We’ve all been preparing these presentations over just the last two days—which is kind of crazy. After finishing our papers, we got to spend this time putting the presentations together, workshopping them, getting feedback from our peers and (professor) Sarah and (postdoc) Kayla. Today, we all gathered in the Gump Marine Station classroom, and we got to share with each other the final polished versions of our findings, and share with our friends and family (over Zoom) and with those awesome people who came to watch us in person.
It was something I was so nervous for, for such a long time leading up to this—ever since the first day we talked about this symposium as our final end goal back in Woods Hole. It seemed like it was going to be such a scary thing, but it was just such a supportive environment, knowing that all of our friends and family were watching from afar. And then getting to see some of our shipmates come back to watch us (the professional crew, who took a ferry on their day off to get here). I just felt so supported and so happy! We got to present about the research we completed, and I felt so lucky. And well prepared. It went much differently than I had built it up in my head to be.
Could you share a moment from your time at sea when you thought, I’m really learning right now?
About a week in, when things were really crazy and we were just getting totally tossed around by the first gale, everything seemed so far out of our comfort zones. So hard. So much information that it seemed impossible that we’d be able to grasp it all enough, that we’d be running the ship in just a couple weeks. Jackie (third mate) was talking to us, and she said something along the lines of “We’re going to encounter a lot of difficult moments here. We can’t get out of it, so we might as well get into it.” That was just something that I felt that all of us took so, so to heart. It’s something that we’ve been reflecting on a lot, too. There was no bad thing that could possibly happen to us, because even the bad things, were really just actually good things. Like having a hard day would turn into a story you talk about, and you laugh about two days later. It all just turns into something amusing, y’know? The bad things were good things, and the good things were good things. Having that mindset that the challenges we were facing were just moments to embrace, not things to be scared of or to dread. This made everything so joyful.

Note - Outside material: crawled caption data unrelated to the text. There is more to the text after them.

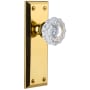 Grandeur Fifth Avenue Solid Brass Rose Privacy Door Knob Set with Versailles Crystal Knob and 2-3/4" Backset Lifetime Brass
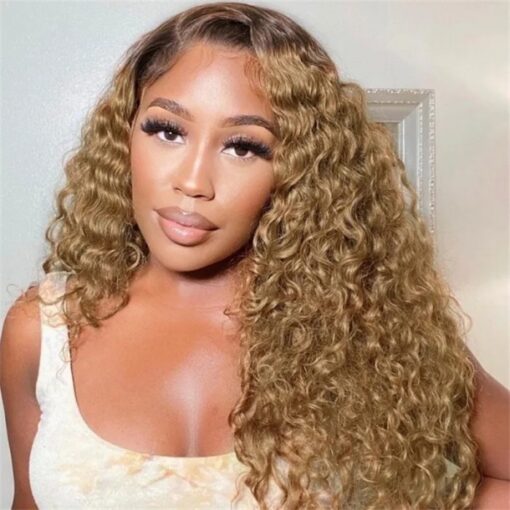 Kriyya Pre Plucked Honey Blonde Lace Front Human Hair Wig MI1603689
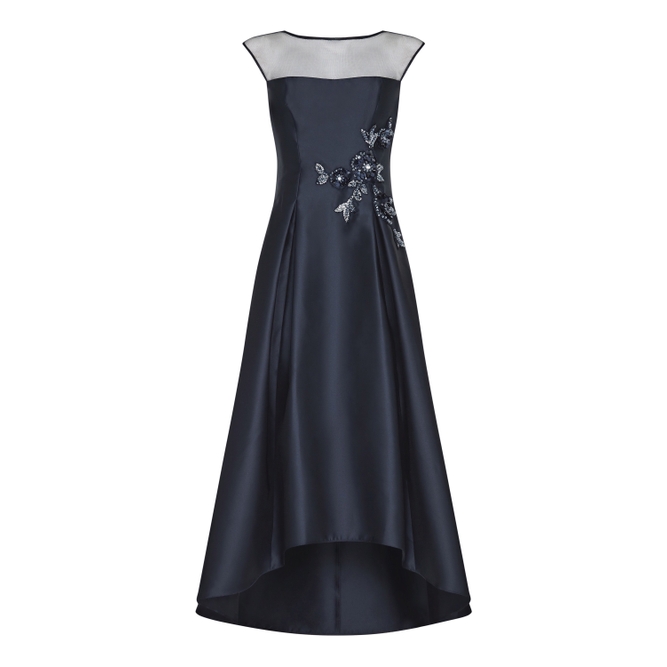 Adrianna Papell Mikado High Low Dress In Midnight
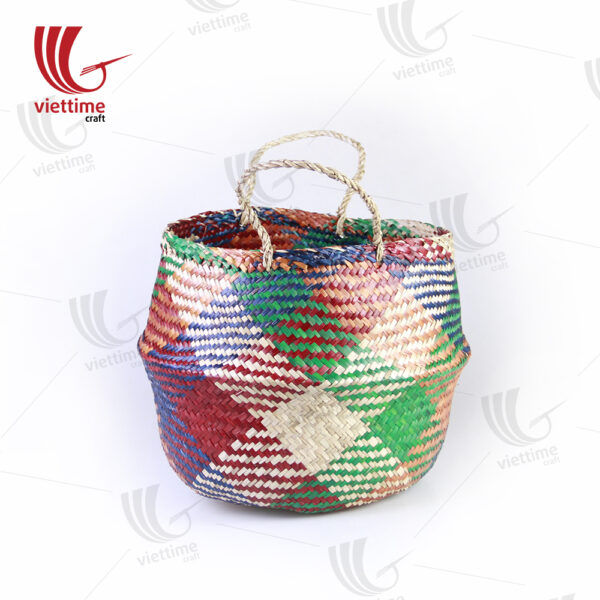 Colorful Cross Zigzag Belly Seagrass Basket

World Oceans Day is coming up next week, Sunday the 8th of June. Over the course of the semester, what has changed in terms of your thinking about the importance of the ocean?
I feel like in the way that 1 is infinitely larger than 0. It all feels impossible to quantify how much the way I think about the ocean has changed over the course of this semester. Not that it wasn’t something that I didn’t care or hadn’t thought about, but just for the path my life has taken so far the ocean was kind of a distant concept. As a place, as a system, it was something I knew conceptually was important, but now it just feels like the ocean is maybe at the center of everything. There isn’t like a single important process ecologically or socially that you couldn’t draw back to the ocean in some way. And on top of all that intellectual care for the ocean, it was really just so special to be able to spend that time at sea. The ocean really became our home.